Value marriage; say 'no' to ordinance

Value marriage; say 'no' to ordinance

August 2nd, 2014 in Opinion Free Press

FREE PRESS ENDORSEMENTS

In Thursday's general election and Republican primary, the Free Press endorses:

Governor: Bill Haslam

U.S. Senator: Lamar Alexander

3rd District Congress: Weston Wamp

27th District, State House: Patsy Hazlewood

County Mayor: Jim Coppinger

County Commission

District 1: Randy Fairbanks

District 6: Joe Graham

District 7: Sabrena Turner

District 8: Kenny Smith

District 9: Chester Bankston

General Sessions Court, Division 1: Christie Sell

Juvenile Court: Rob Philyaw

Public Defender: Steve Smith

Criminal Court Clerk: Gwen Tidwell

Board of Education: District 3 Greg Martin

District 5: Patrick Hampton

District 6: Ballard Scearce

District 8: David Testerman

District 9: Steve Highlander

Supreme Court Judges: Retain

Domestic Partners Ordinance: Against

Of what value is marriage?

If marriage between a man and a woman is not of special importance, if it's no more valuable than a man and a woman living together or two men or two women sharing a relationship, Chattanoogans should flock to the polls on Thursday and overwhelmingly vote for the city's domestic partners ordinance.

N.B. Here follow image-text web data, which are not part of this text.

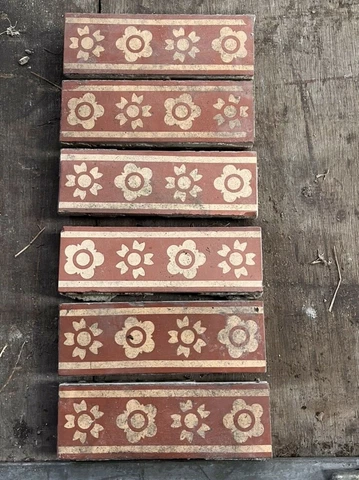 Vintage Antique Victorian Maw & Co 6” x 2” Border Encaustic Floor Tiles Reclaim Cover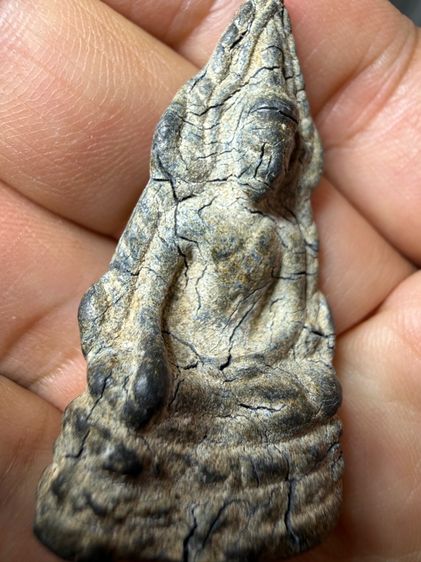 พระพุทธชินราชอินโดจีนปี2485 เนื้อตะกั่วนม ผิวจะคล้ำเเละแตกร้าว ตามกาลเวลา ตามปกติ ของเนื้อนี้ พระเก่าๆ เหมาๆ บ้านๆ พระคนแก่เก่าๆ รูปที่ 7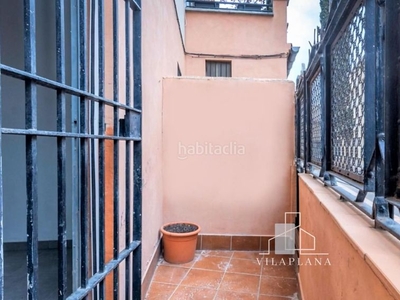 Piso con 2 habitaciones con ascensor y vistas a la montaña en Manresa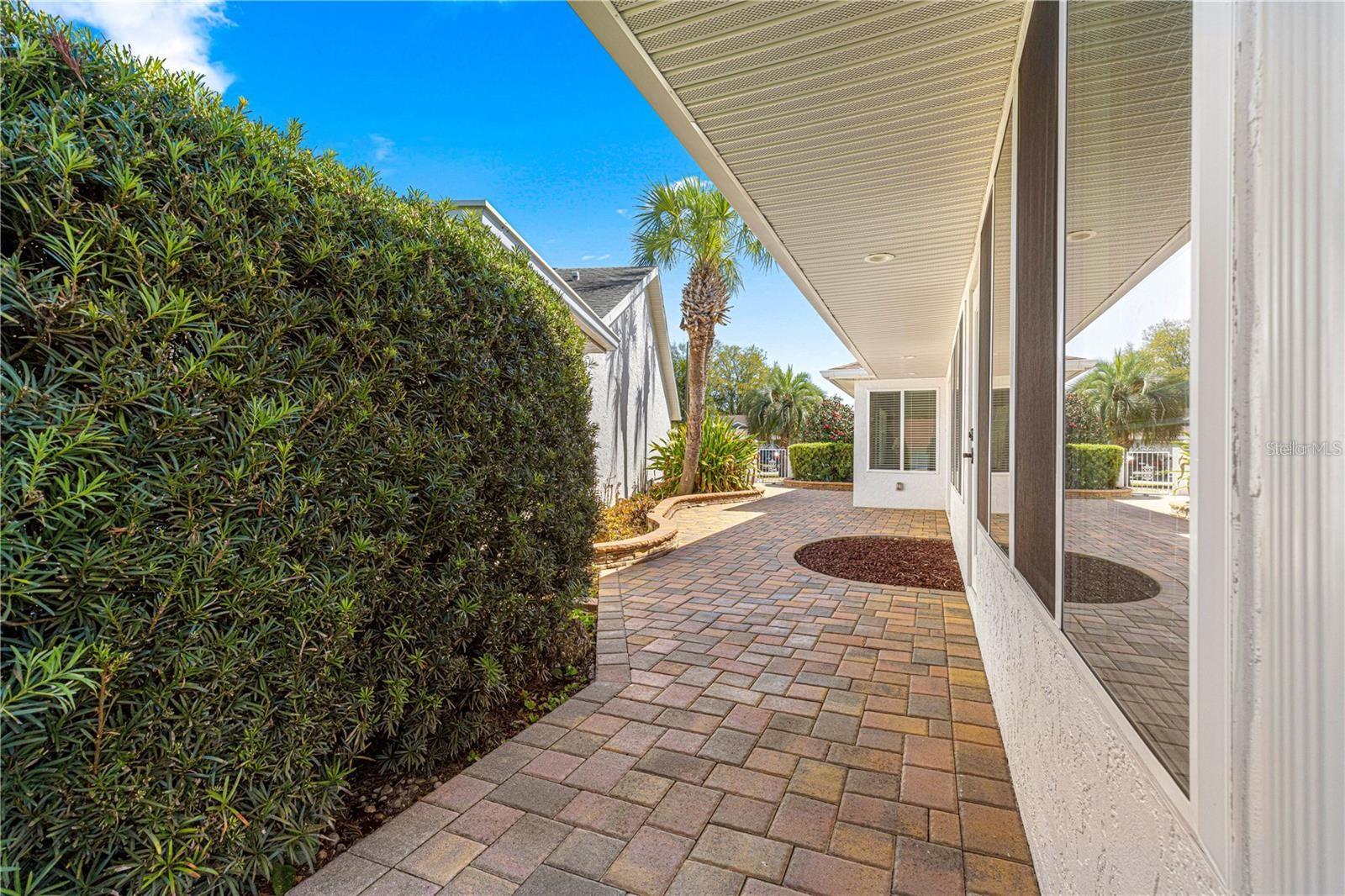 ON TOP OF THE WORLD - Residential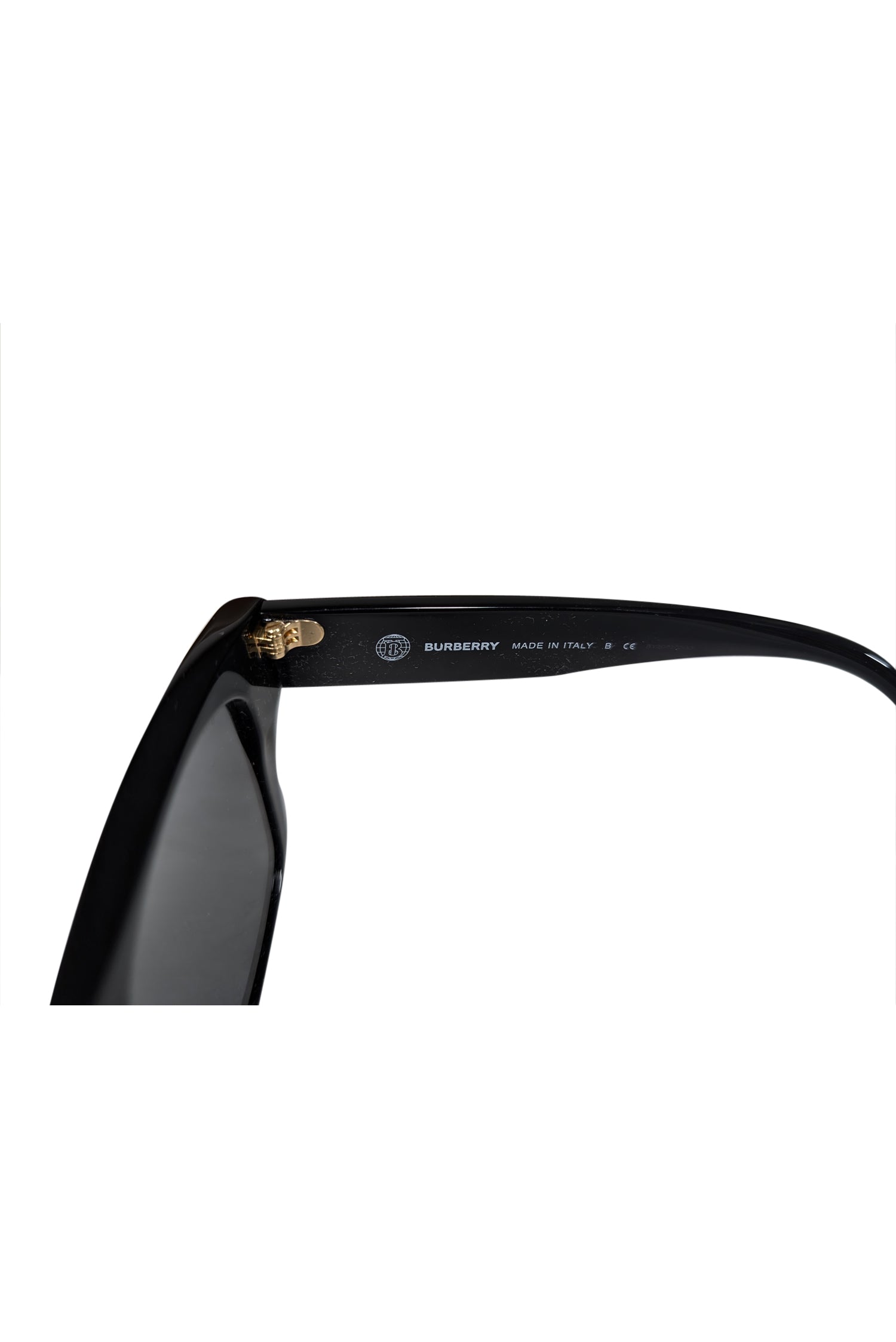 Burberry Luxury Black Square Sunglasses - Elevate Your Style!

But if marriage is really something meaningful, if it is something unique and ordained of God (or a foundation of society, depending on your belief system), if it as an institution really has special -- and legal -- benefits to society unlike any other relationship, as has been the case for thousands of years, Chattanooga voters should say so with their votes against the ordinance.

Opponents say the ordinance -- which passed with the narrowest 5-4 vote in the City Council in November -- has nothing to do with marriage, that it's a matter of fairness, a matter of treating people who live in committed relationships under the same roof the same as those in a traditional marriage.

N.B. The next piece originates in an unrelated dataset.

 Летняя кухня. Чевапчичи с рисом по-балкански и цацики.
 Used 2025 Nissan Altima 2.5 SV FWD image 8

But that takes us back to the original question: Of what value, then, is traditional marriage? And why have we given it special status in our laws and public policies?

What, for instance, do cities and corporations which have granted such benefits think of traditional marriage as an institution, or an environment in which to raise children, if it's no more valuable than two people living together?

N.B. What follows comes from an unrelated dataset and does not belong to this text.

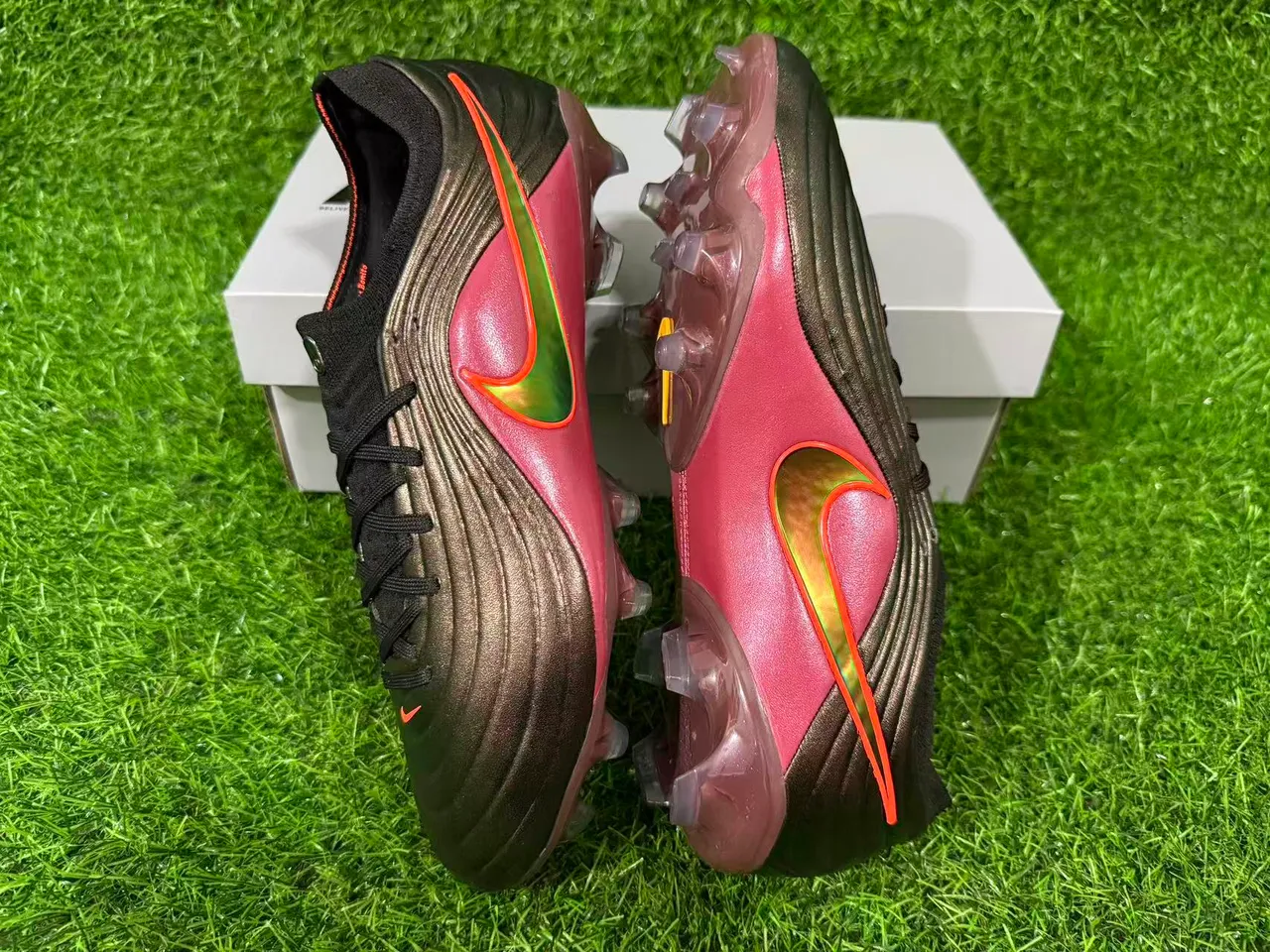 Nike Phantom GT Bordeaux Noir Motif Ondulé Tige Synthétique Chaussures de Football pour Terrain Firme 5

One could argue a domestic partners ordinance is even anti-marriage. Since city employees and their partners only have to live together for a year, have their names together on several documents and offer a sworn affidavit confirming their relationship, why choose marriage if they can get the benefits?

Somehow, putting that domestic partners affidavit up against a marriage license -- which, of course, doesn't guarantee bliss -- pales in comparison.

And it should be interesting to see how the city determines whether "the city employee and the domestic partner have chosen to share one another's lives in an intimate and committed relationship of mutual caring," as the ordinance reads.

Because remember how pro-abortion supporters say they don't want the government in their bedrooms? The domestic partners ordinance makes it a part of the law to know how two "share one another's lives."

Passage of the law also will increase the drain on the city's budget, but nobody can say for sure how much. One estimate was $180,000, less than one-tenth of 1 percent of the budget, but officials admitted they really have no idea how much it might increase.

To be blunt, a domestic partners ordinance sanctions relationships that are clearly less beneficial than marriage.

For opposite-sex couples, the National Institute of Child Health and Human Development reports that "cohabitating relationships are less stable than marriage and that instability is increasing."

For example:

• Children's emotional development is poorer if a parent is cohabitating than if a parent is married.

• Cohabitating women are more likely than married women to suffer physical and sexual abuse.

For same-sex couples, the Family Research Council reports that evidence suggests "committed" homosexual relationships are radically different from married couples when it comes to relationship duration, monogamy vs. promiscuity, relationship commitment, number of children being raised, health risks and the rates of intimate partner violence.

For example:

• A Census Bureau report indicates 57.7 percent of women stay married for 20 years or longer, while a Gay/Lesbian Consumer Online Census indicates only 5 percent of homosexuals describe their relationship lasting more than 20 years.

• A United States Department of Justice study revealed that 15.4 percent of homosexual men and 11.4 percent of homosexual women cited intimate partner violence, while only .26 percent of married women and .05 percent of married men cited such violence.

There are, of course, exceptions to each case given above, but any way you slice it, marriage comes out the winner.

We believe, further, God honors the marriage of a man and a woman and holds that relationship higher than any other. In Proverbs, for instance, we read that "righteousness makes a nation (or city or state) great, but sin diminishes any people."

Today, however, we live in a more faithless and more permissive society where almost anything goes. We believe those who live a life to less than God's highest standards and more to political correctness will ultimately experience regret.

Chattanoogans can and should vote "no" on the domestic partnerships ordinance and tell city officials God meant what he said and the state's voters meant what they said when they approved a marriage-protection amendment in 2006.